Import data from Simple Log Service to Hologres in real time - Hologres

You can write data from Simple Log Service to Hologres in multiple ways. This topic describes how to synchronize data from Simple Log Service to Hologres in real-time by using Realtime Compute for Apache Flink or DataWorks.

Prerequisites

Log Service is activated, and a project and a Logstore are created. For more information, see Getting Started.
A Hologres instance is purchased and is connected to a development tool. For more information, see Procedure to use Hologres.
Realtime Compute for Apache Flink is activated, and a project is created if you want to write data from Simple Log Service to Hologres by using Realtime Compute for Apache Flink. For more information, see Activate fully managed Flink and Create and manage a namespace.
DataWorks is activated, and a workspace is created if you want to write data from Log Service to Hologres by using DataWorks. For more information, see Activate DataWorks and Create a workspace.

Background information

Simple Log Service is a cloud-native observability and analytics platform that provides large-scale, low-cost, and real-time services to process multiple types of data such as logs, metrics, and traces. Simple Log Service allows you to collect, process, query, analyze, visualize, consume, and deliver data. You can configure alerts in the Simple Log Service console. Simple Log Service helps enterprises improve their digital capabilities in terms of R&D, O&M, and data security.

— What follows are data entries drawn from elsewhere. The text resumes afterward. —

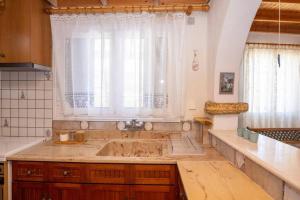 Αnemelo beach house in Panormos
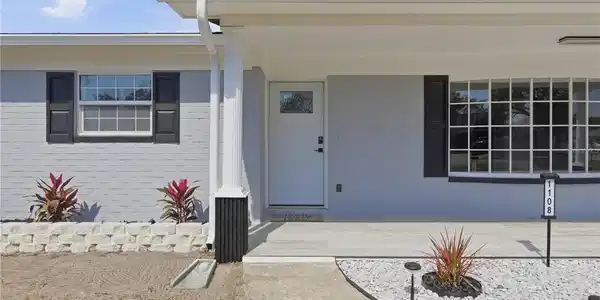 1108 BALFOUR DR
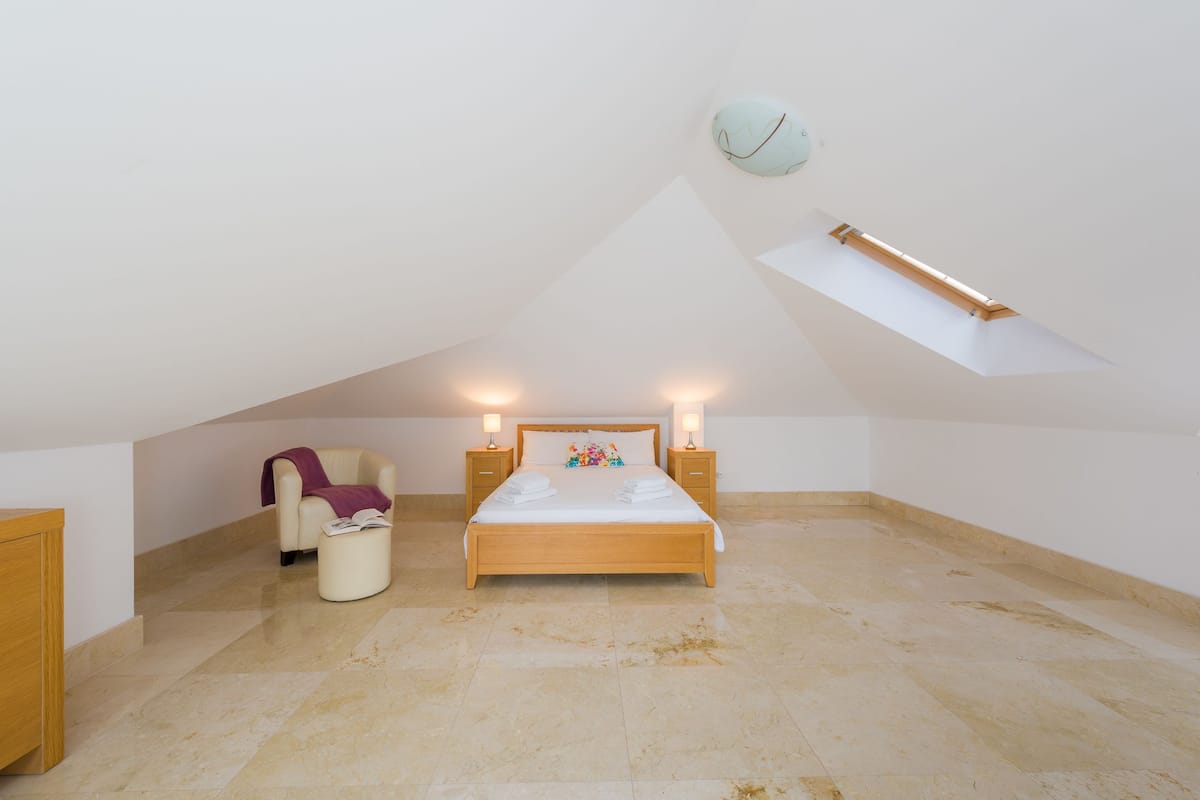 1 bedroom, premium bedding, memory foam beds, desk
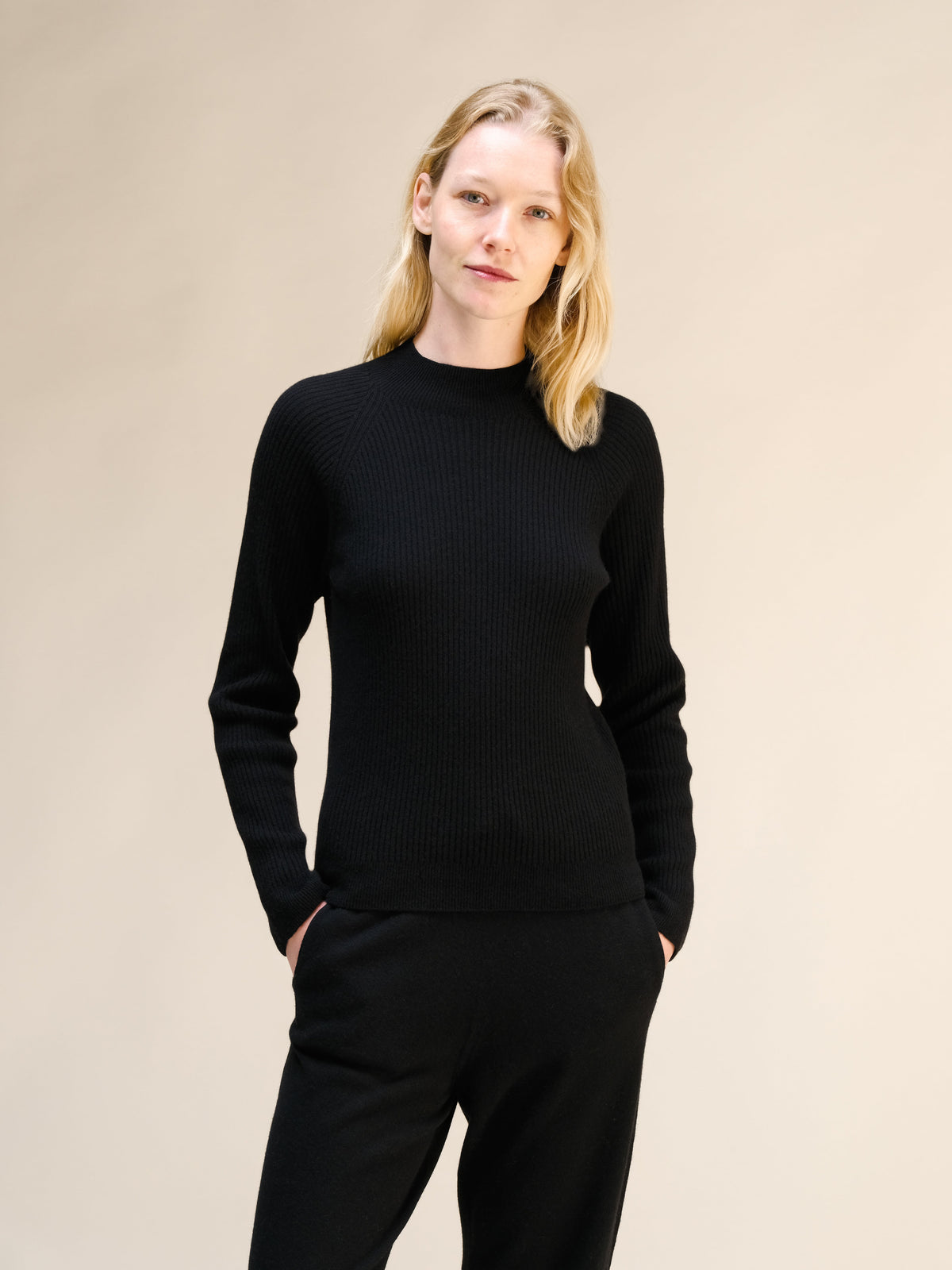 Modella con nero maglione a coste con collo alto con a texture in maglia 3D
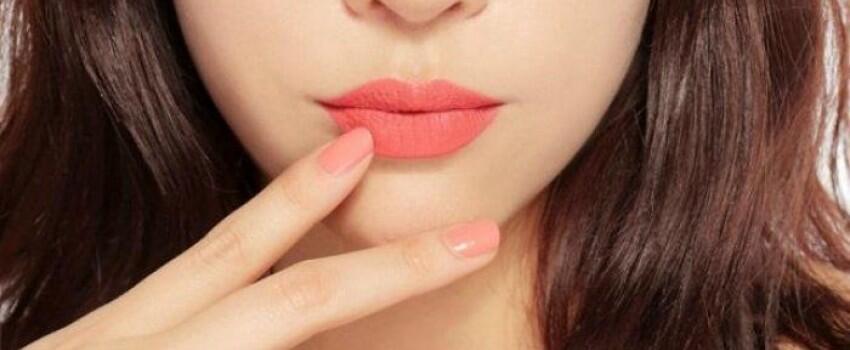 Ini 7 Alasan Kenapa Lipcream Lebih Diminati Ketimbang Lipstik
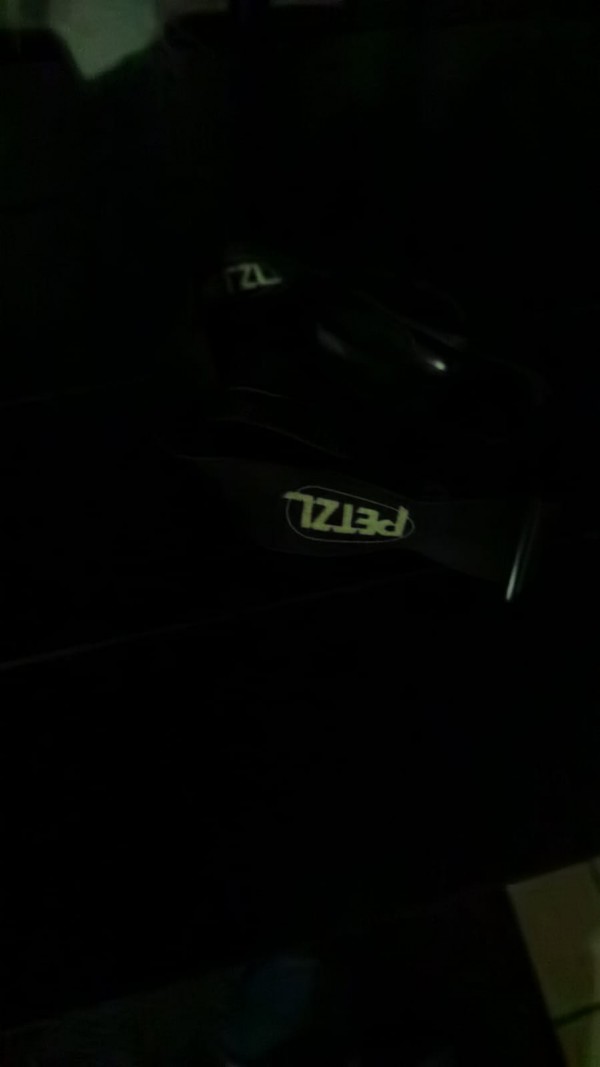 Lampe Frontale Petzl, lac de divonne côté marais..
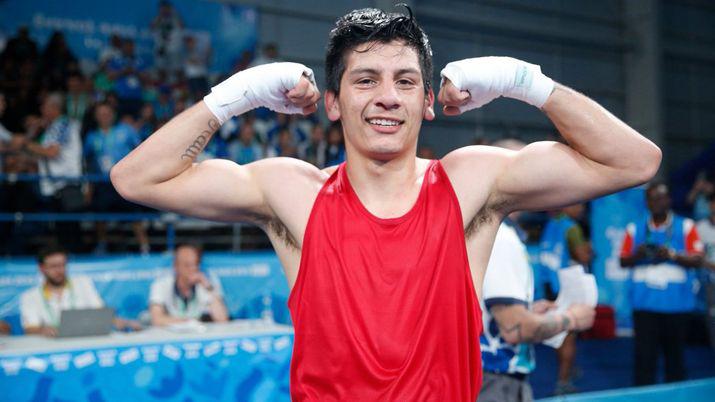 iexclHistoacuterico- Arregui logroacute la medalla dorada en boxeo tras 70 antildeos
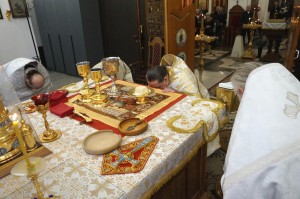 В Богоявленском  мужском монастыре  Игумен Нестор (Болков ) возглавил Божественную Литургию в Богоявленском мужском монастыре города Челябинска., 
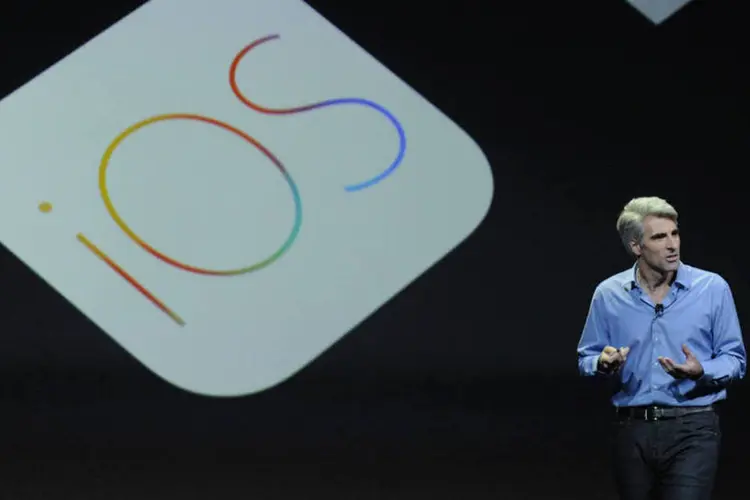 
	Craig Federighi, vice-presidente de engenharia de software da Apple, apresenta novo iOS
 (David Paul Morris/Bloomberg)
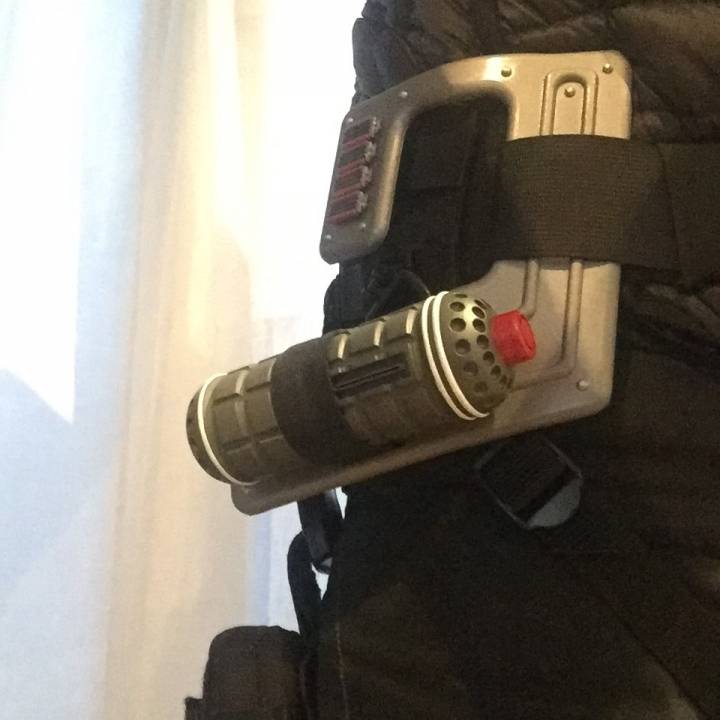 Destiny Hunter Grenade and grenade holder image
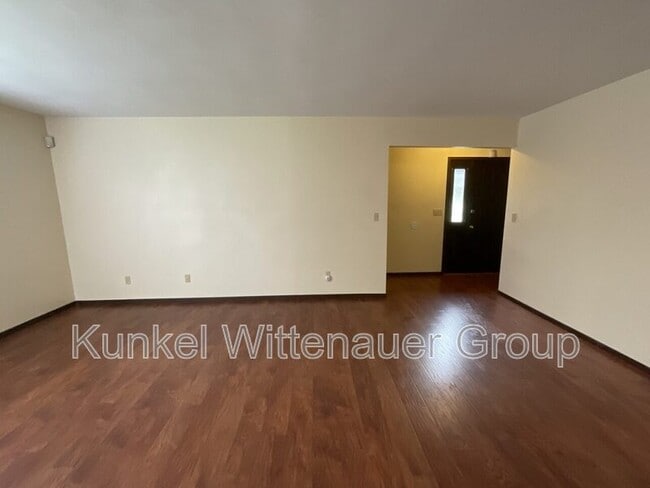 Building Photo - 102 Kingsway Dr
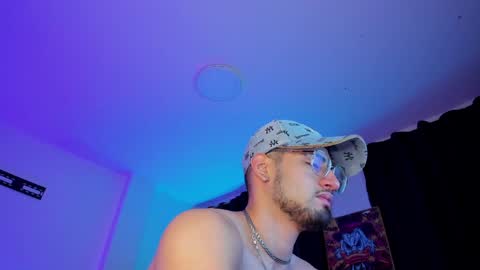 Snapshot of giomar_reyes chatting on 24, 12, 2024 GIOMAR REYES online show from 24, 12, 2024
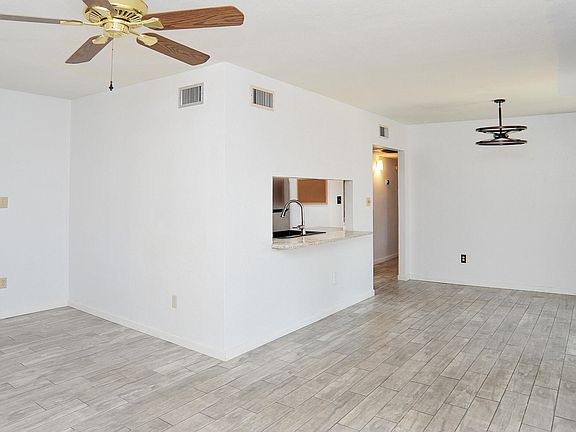 5th image of 95 E Villas Cir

Hologres is designed to provide a real-time compute engine that features high performance, high reliability, cost efficiency, and high scalability. Hologres provides real-time data warehouse solutions that help manage large amounts of data and interactive query services that can respond in sub-seconds. Hologres is widely used in scenarios such as the construction of real-time data mid-ends, fine-grained analysis, self-service analysis, marketing profile setup, audience grouping, and real-time risk control. You can write data from Simple Log Service to Hologres in a quick manner for real-time analysis and query. This helps exploit data for your business.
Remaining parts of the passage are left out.